- Im Kampf gegen den Fachkräftemangel suchen Schweizer Spitäler im Ausland Personal.
- Spezialisierte Firmen rekrutieren Pflegefachleute etwa in Polen.
- Gegen diese Rekrutierungen gibt es auch Vorbehalte.
Es ist der Job von Grazyna Scheiwiller und ihrem Team, in Polen Pflegefachleute zu finden und sie in die Schweiz zu holen. Scheiwiller ist Geschäftsführerin der Firma Carenea, die seit einem knappen Jahr von Zürich aus Personal rekrutiert. Ausbildungszentren in Warschau, Krakau und Breslau sollen Kandidatinnen und Kandidaten auf einen Job in der Schweiz vorbereiten.
Die Kunden des Vermittlungsunternehmens sind namhaft: Das Universitätsspital Zürich, die Hirslanden-Gruppe und das Kantonsspital Aarau. Sie alle wollen durch diese Massnahme dem akuten Mangel an Fachkräften entgegenwirken.
Umfassende Vorbereitung
Neben medizinischen Fachpersonal aus Polen setzt das Kantonsspital Aarau auch auf gut ausgebildete Pflegefachleute aus Italien, wie die «Aargauer Zeitung» schreibt.

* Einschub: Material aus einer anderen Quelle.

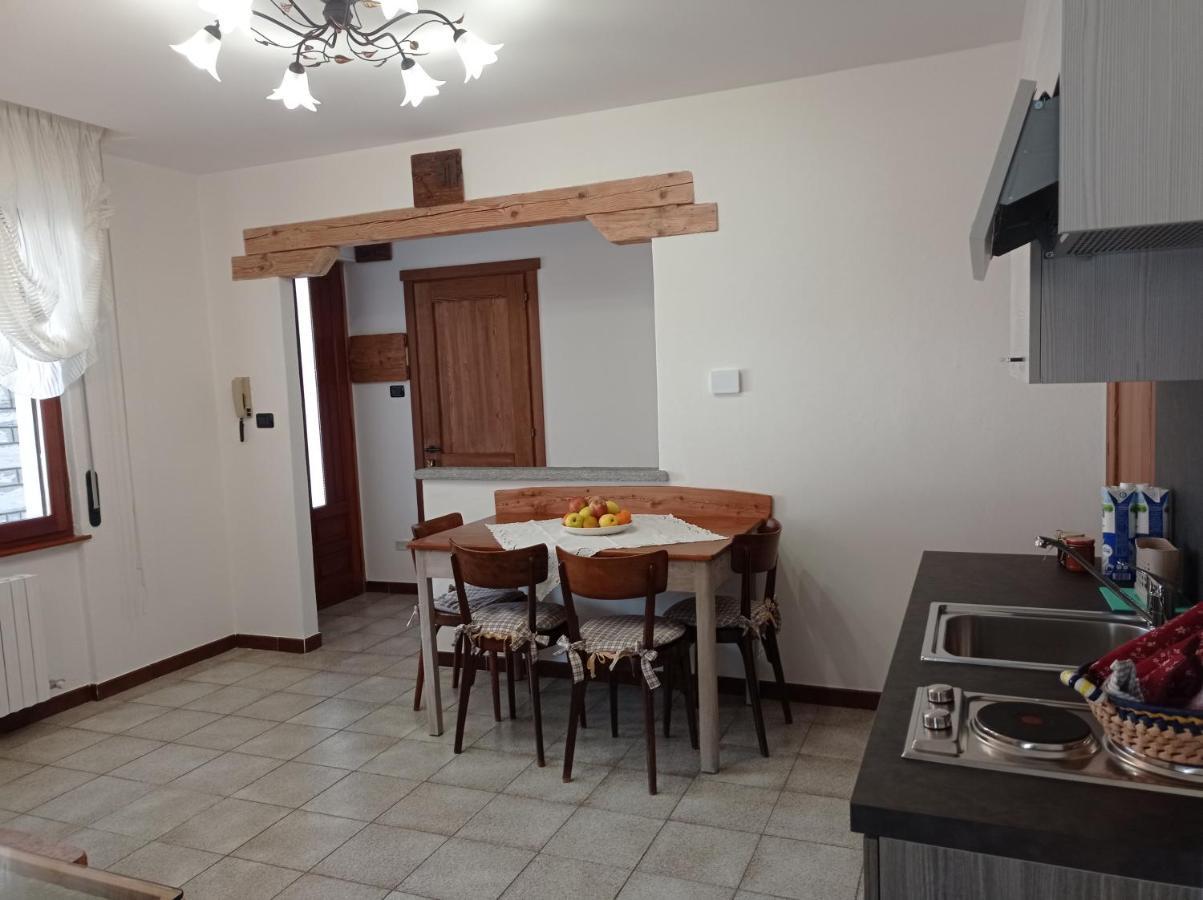 Apartamento Il Giardino Segreto Beura Exterior foto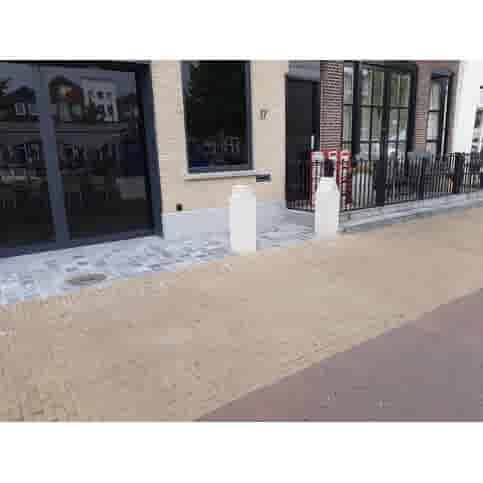 Betonpaal Canal houses III tuitgevel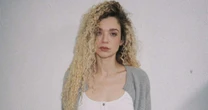Karen Jonz lança nova versão de 'Sessão de Horror' com Fernanda Takai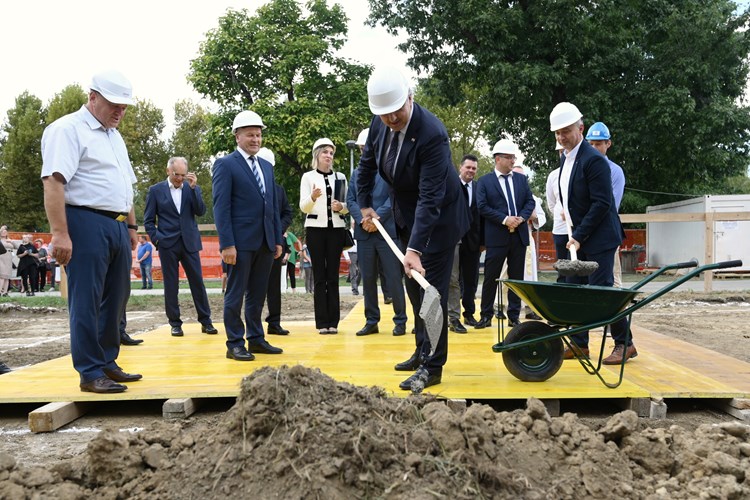 Najveće ulaganje u obrazovanje u povijesti Hrvatske vrijedno 2,7 milijarde eura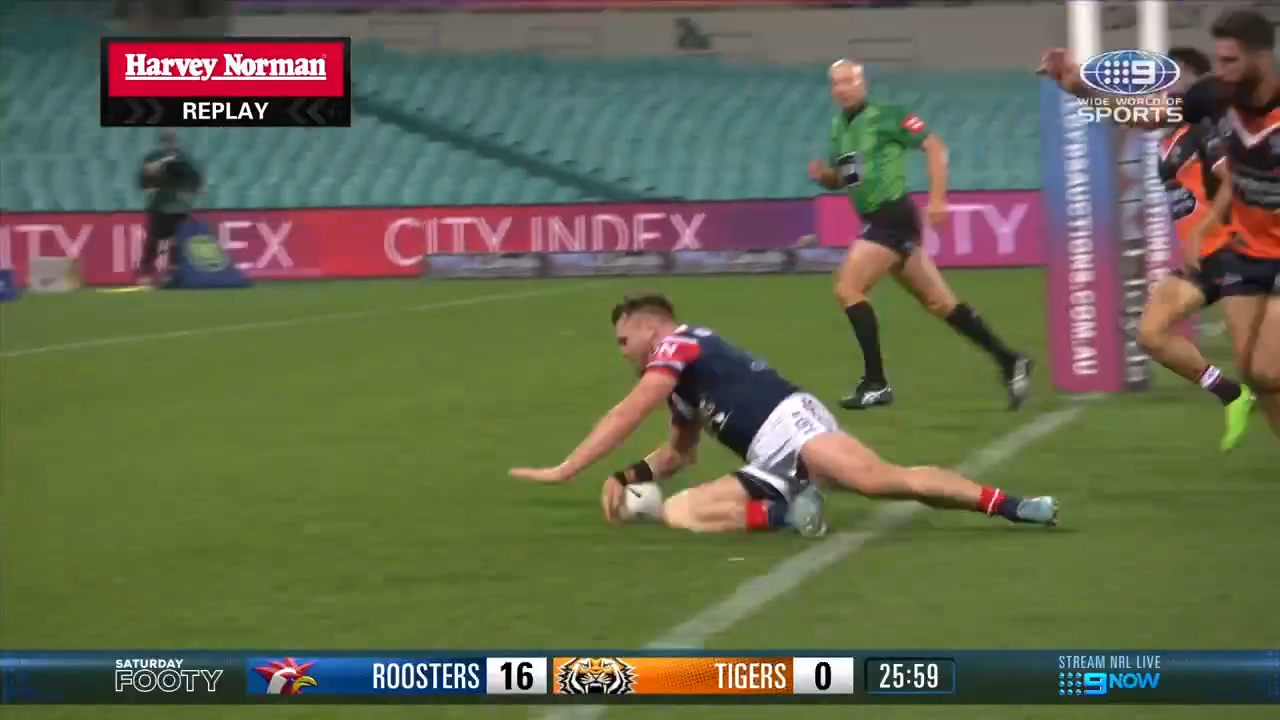 Crichton gets second try in quick succession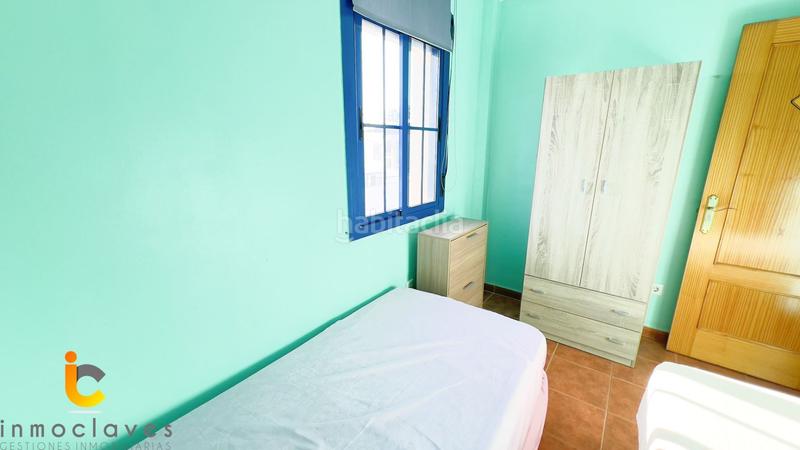 Foto dd94143a-1da9-471a-9b6b-6fa63bb12fcc. Reihenhaus mit parking pool in El Rinconcillo Algeciras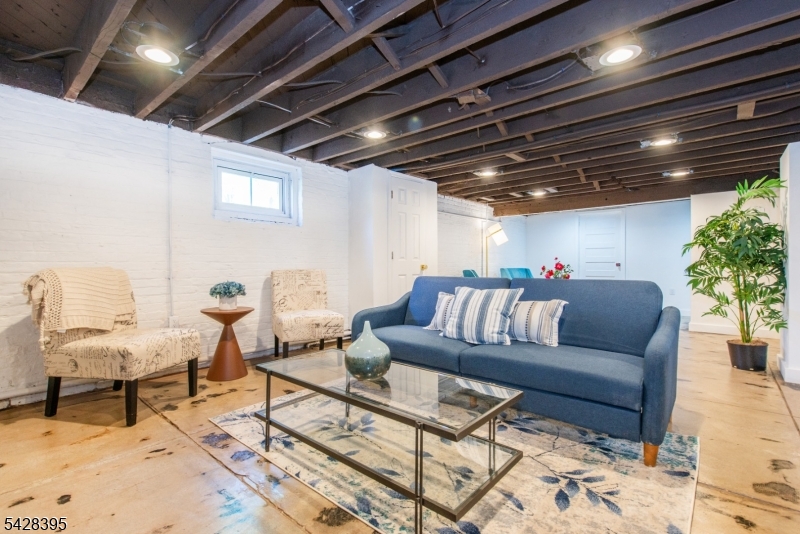 245 Midland Ave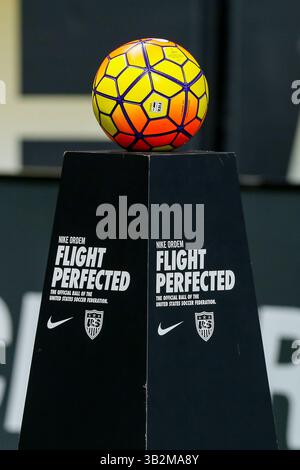 16. Dezember 2015: US-Fußball startet das Spiel zwischen der US-Fußballnationalmannschaft der Frauen und der China PR im Mercedes-Benz Superdome in New Orleans, LA. China PR besiegte die USA mit 1:0. Stephen Lew/CSM(Bild: © Stephen Lew/CSM via ZUMA Wire) Stockfoto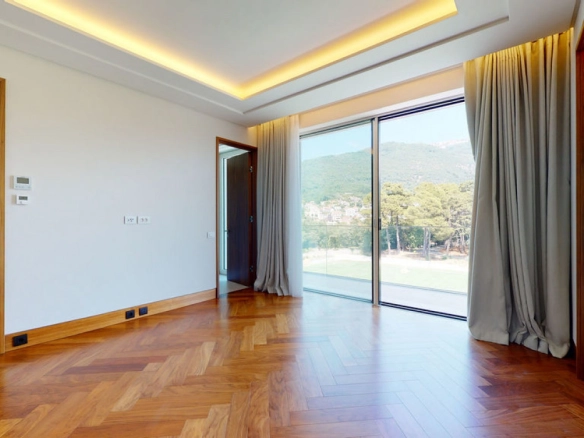 Trosoban stan 438 m² – Gorica, Tivat — fotografija 8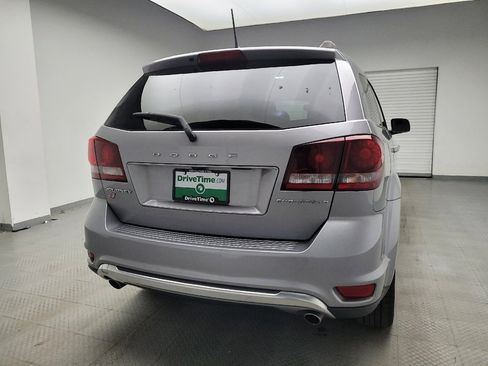 Used 2019 Dodge Journey Crossroad image 7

Fabio Blasi, der im Kantonsspital Aarau für Personalgewinnung und -marketing zuständig ist, steht kurz vor einer Reise nach Rom. Hier wird er rund 30 Vorstellungsgespräche führen. Gegenüber SRF sagt Blasi, man gehe in Vorleistung: «Wir stellen Pflegende für den Schweizer Markt zur Verfügung.»
Die Vorbereitung dauert bei solchen Rekrutierungen jeweils mehrere Monate: Sprachkurse, Wohnungssuche und die Gewöhnung an kulturelle Eigenheiten stehen auf dem Programm.
Nachdem Fachkräfte aus dem Ausland in der Schweiz angekommen sind, müssten sie weiter betreut werden, sagt Grazyna Scheiwiller von Carenea. Dabei gebe es viel zu beachten, «etwa ein Konto eröffnen, Kontakt mit dem Kanton herstellen, oder die Schule für die Kinder organisieren», so Scheiwiller.
Zweifel an der Ausland-Strategie
Doch nicht alle Schweizer Spitäler setzen auf Personal aus der Ferne. So schreiben auf Anfrage etwa das Berner Inselspital, die Solothurner Spitäler und das Kantonsspital Graubünden, entsprechende Aktionen oder die Zusammenarbeit mit Agenturen seien bei ihnen kein Thema.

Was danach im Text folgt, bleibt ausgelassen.